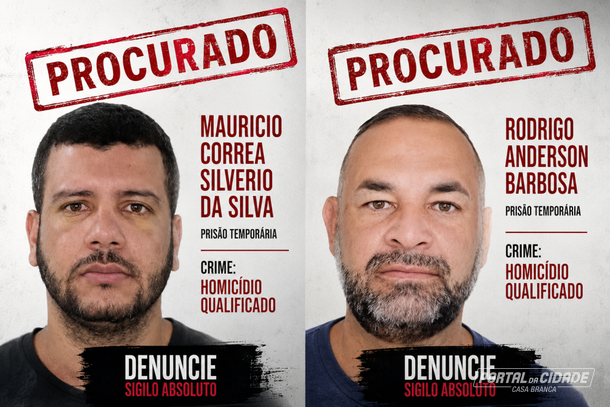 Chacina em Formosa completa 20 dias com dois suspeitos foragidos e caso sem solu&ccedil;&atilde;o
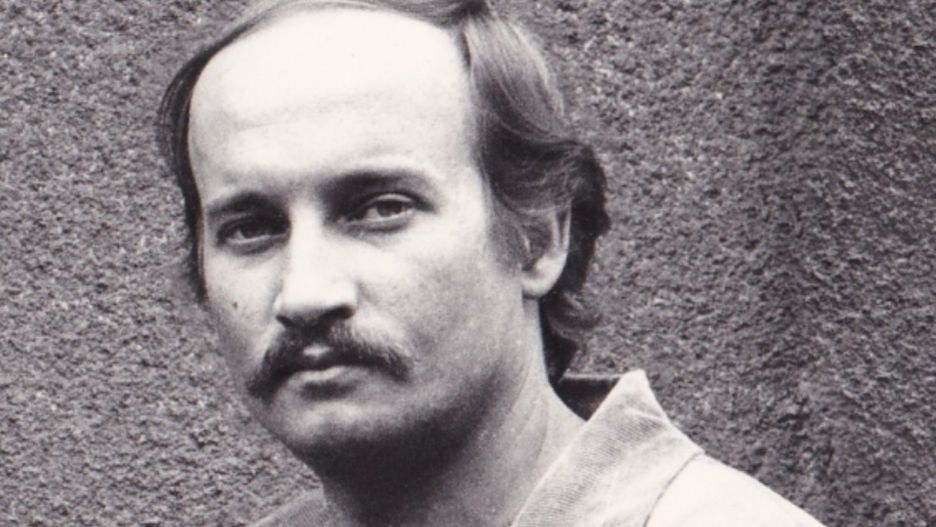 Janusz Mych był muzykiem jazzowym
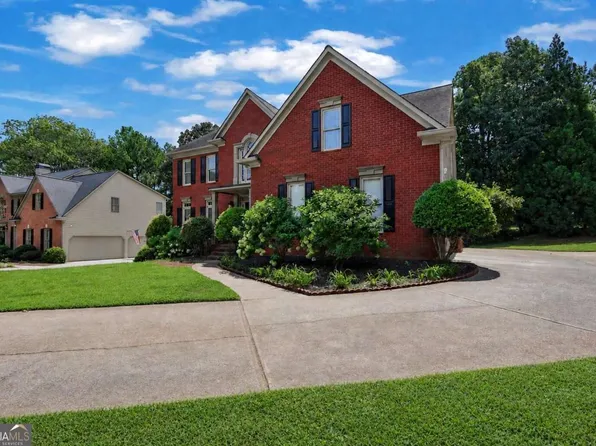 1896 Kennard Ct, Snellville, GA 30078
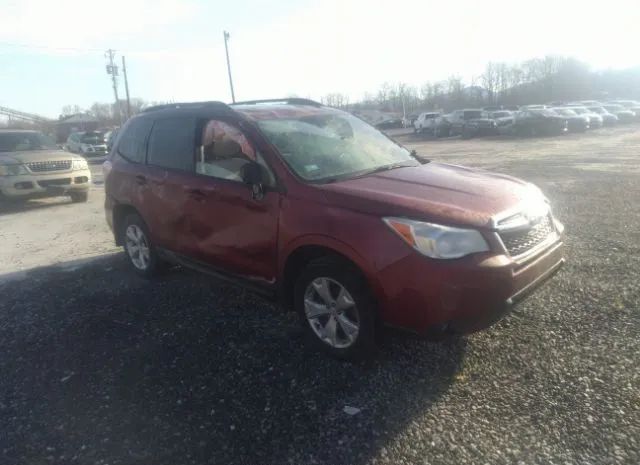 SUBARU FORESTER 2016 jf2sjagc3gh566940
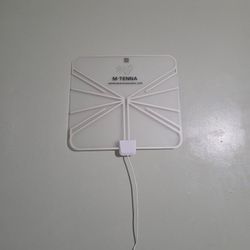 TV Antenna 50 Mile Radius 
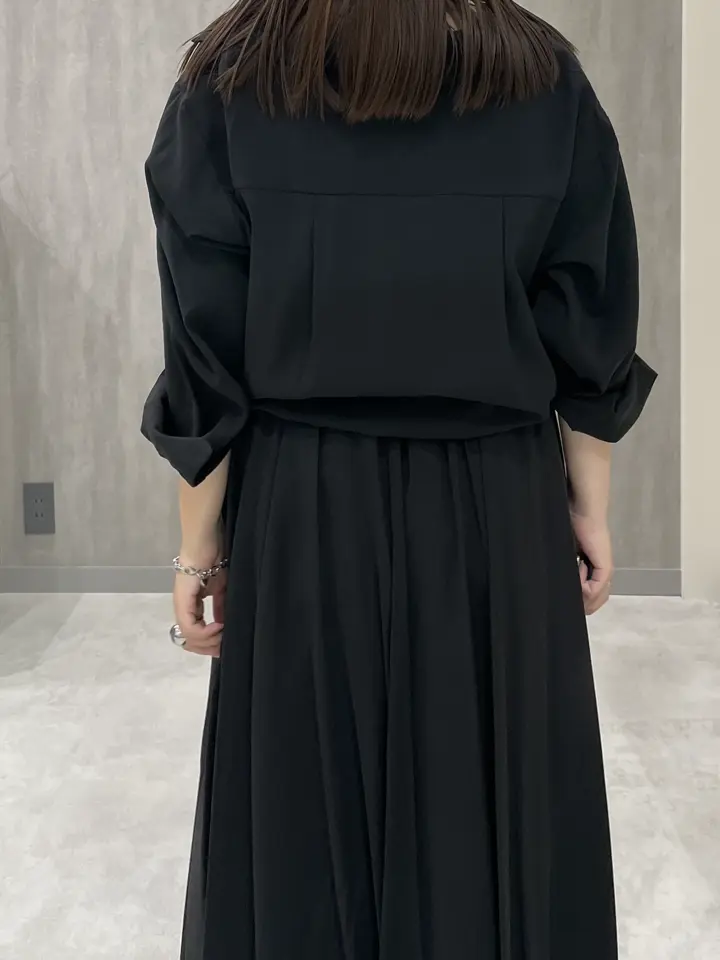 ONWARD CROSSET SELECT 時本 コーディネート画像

——————————

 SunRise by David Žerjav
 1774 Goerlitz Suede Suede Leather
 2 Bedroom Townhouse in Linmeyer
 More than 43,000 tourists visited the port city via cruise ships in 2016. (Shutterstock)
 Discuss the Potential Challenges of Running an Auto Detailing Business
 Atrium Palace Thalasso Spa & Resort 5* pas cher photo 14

——————————

◆ **EXERCISE DESCRIPTION**
What you give back must be the stretch above, starting at the line with "SunRise by David Žerjav" and ending at the line with "Atrium Palace Thalasso", copied exactly.

◆ **ANSWER FOR THIS EXERCISE**
 SunRise by David Žerjav
 1774 Goerlitz Suede Suede Leather
 2 Bedroom Townhouse in Linmeyer
 More than 43,000 tourists visited the port city via cruise ships in 2016. (Shutterstock)
 Discuss the Potential Challenges of Running an Auto Detailing Business
 Atrium Palace Thalasso Spa & Resort 5* pas cher photo 14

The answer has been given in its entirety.